Vercel respects the origin's `Cache-Control` header for rewrite destinations, so no extra caching configuration is needed.

```nginx
location /docs {
    proxy_pass https://app.buildwithfern.com;
    proxy_set_header Host app.buildwithfern.com;
    proxy_set_header x-fern-host mydomain.com;
    proxy_set_header X-Real-IP $remote_addr;
    proxy_set_header X-Forwarded-For $proxy_add_x_forwarded_for;
    proxy_set_header X-Forwarded-Proto $scheme;
    proxy_ssl_server_name on;

    # Prevent encoding issues with Brotli responses
    proxy_set_header Accept-Encoding "gzip, deflate";

    # Do not cache HTML
    proxy_no_cache 1;
    proxy_cache_bypass 1;
    add_header Cache-Control "public, max-age=0, must-revalidate" always;
}
```

Nginx doesn't natively support [Brotli](https://github.com/google/brotli) decompression. The `Accept-Encoding` override above prevents HTTP/2 transfer errors caused by Fern's default Brotli-compressed responses.
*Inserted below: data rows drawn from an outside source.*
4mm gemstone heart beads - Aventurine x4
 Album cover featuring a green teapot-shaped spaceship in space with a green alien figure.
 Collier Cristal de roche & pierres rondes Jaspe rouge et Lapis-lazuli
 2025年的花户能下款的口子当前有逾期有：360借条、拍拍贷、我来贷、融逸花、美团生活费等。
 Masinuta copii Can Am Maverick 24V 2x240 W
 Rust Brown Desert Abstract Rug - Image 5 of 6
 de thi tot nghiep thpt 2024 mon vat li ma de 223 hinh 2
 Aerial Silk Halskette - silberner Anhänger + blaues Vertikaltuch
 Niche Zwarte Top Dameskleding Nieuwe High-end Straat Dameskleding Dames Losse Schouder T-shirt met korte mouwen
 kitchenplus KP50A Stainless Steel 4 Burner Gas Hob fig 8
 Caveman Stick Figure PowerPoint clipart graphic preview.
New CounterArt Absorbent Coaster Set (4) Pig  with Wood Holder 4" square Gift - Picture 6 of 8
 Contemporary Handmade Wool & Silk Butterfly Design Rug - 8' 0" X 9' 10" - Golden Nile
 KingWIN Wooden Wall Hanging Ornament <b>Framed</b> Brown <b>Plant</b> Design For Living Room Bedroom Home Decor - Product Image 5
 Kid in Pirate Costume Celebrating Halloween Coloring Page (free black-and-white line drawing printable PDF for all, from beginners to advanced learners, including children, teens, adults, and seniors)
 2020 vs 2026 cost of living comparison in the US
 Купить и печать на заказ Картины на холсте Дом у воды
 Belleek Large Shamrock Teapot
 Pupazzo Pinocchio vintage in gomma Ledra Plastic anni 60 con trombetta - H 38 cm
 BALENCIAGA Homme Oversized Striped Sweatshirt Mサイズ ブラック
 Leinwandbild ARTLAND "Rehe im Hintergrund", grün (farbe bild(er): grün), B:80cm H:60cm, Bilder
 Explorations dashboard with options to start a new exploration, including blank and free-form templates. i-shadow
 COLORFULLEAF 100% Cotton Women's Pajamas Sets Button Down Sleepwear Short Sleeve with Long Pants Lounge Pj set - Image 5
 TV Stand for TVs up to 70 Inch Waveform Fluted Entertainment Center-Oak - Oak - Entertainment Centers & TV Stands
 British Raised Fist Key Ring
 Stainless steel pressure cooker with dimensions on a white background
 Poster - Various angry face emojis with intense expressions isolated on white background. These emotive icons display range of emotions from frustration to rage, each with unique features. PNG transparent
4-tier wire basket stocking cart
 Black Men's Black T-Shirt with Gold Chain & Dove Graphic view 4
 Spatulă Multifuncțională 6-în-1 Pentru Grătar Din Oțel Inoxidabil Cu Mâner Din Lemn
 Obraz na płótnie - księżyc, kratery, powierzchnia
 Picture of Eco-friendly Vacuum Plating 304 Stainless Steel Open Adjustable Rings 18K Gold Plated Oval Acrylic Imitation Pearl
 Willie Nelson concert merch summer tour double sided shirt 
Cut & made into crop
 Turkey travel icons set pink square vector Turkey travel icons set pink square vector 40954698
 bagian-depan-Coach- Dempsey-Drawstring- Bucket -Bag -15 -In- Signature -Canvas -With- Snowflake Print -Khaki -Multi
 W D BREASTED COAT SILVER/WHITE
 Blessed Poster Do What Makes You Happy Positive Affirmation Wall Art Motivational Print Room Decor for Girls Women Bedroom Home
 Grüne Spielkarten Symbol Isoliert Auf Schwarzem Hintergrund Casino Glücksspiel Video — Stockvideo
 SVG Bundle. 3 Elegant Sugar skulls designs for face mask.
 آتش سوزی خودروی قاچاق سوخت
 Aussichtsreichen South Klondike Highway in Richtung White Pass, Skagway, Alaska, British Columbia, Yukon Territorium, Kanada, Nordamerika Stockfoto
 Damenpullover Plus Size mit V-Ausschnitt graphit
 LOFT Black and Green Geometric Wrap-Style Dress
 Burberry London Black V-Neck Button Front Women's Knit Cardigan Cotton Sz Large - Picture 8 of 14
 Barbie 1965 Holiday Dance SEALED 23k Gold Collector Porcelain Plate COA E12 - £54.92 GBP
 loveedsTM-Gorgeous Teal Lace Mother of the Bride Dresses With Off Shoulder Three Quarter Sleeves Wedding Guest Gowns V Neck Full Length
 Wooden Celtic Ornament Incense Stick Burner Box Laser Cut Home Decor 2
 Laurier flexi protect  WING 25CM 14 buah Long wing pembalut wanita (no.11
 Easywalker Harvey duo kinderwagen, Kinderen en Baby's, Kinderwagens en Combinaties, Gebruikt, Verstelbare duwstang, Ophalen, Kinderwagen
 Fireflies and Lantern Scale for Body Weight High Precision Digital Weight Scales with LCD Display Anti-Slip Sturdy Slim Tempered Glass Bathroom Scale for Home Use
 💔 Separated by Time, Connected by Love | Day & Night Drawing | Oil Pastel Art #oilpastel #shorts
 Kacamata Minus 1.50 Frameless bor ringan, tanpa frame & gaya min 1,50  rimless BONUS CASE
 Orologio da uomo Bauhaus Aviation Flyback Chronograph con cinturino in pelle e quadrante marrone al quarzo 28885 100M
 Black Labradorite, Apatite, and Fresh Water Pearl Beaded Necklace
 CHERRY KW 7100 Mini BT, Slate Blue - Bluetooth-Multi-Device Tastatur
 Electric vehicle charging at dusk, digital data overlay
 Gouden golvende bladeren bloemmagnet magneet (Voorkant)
In a **Site Delivery** or **Ion** property, add a rule matching path `/docs*`:

* **Origin Server**: `app.buildwithfern.com`
* **Forward Host Header**: Origin Hostname

Add a **Modify Outgoing Request Header** behavior:

| Action | Header name   | Value          |
| ------ | ------------- | -------------- |
| Add    | `x-fern-host` | `mydomain.com` |

Add a **Caching** behavior to the same rule:

| Setting        | Value    |
| -------------- | -------- |
| Caching Option | No Store |

Alternatively, set **Honor Origin Cache-Control** to **Yes** so Akamai respects Fern's `Cache-Control: public, max-age=0, must-revalidate` header.

```caddyfile
mydomain.com {
    handle /docs* {
        reverse_proxy https://app.buildwithfern.com {
            header_up Host app.buildwithfern.com
            header_up x-fern-host mydomain.com
        }
    }
}
```

Caddy doesn't cache responses by default, so no extra caching configuration is needed unless you've explicitly enabled caching with a `cache` directive or external module.

## Verify your setup

Run these checks against your live subpath:

```bash
# Confirm the page returns HTML (not an error or RSC payload)
curl -sI https://mydomain.com/docs | grep -i content-type
# Expected: content-type: text/html; charset=utf-8

# Verify Cache-Control on the HTML response
curl -sI https://mydomain.com/docs | grep -i cache-control
# Expected: cache-control: public, max-age=0, must-revalidate

# Verify the page is not cached by your proxy (age should be 0 or absent)
curl -sI https://mydomain.com/docs | grep -i "^age:"
```

If `content-type` is `text/x-component` instead of `text/html`, your proxy is forwarding the viewer's `Host` header to Fern's origin. Ensure the `Host` header sent to the origin is `app.buildwithfern.com`.

If the `age` header is present and non-zero, your proxy is serving a cached response. Revisit your provider's configuration to ensure HTML caching is disabled.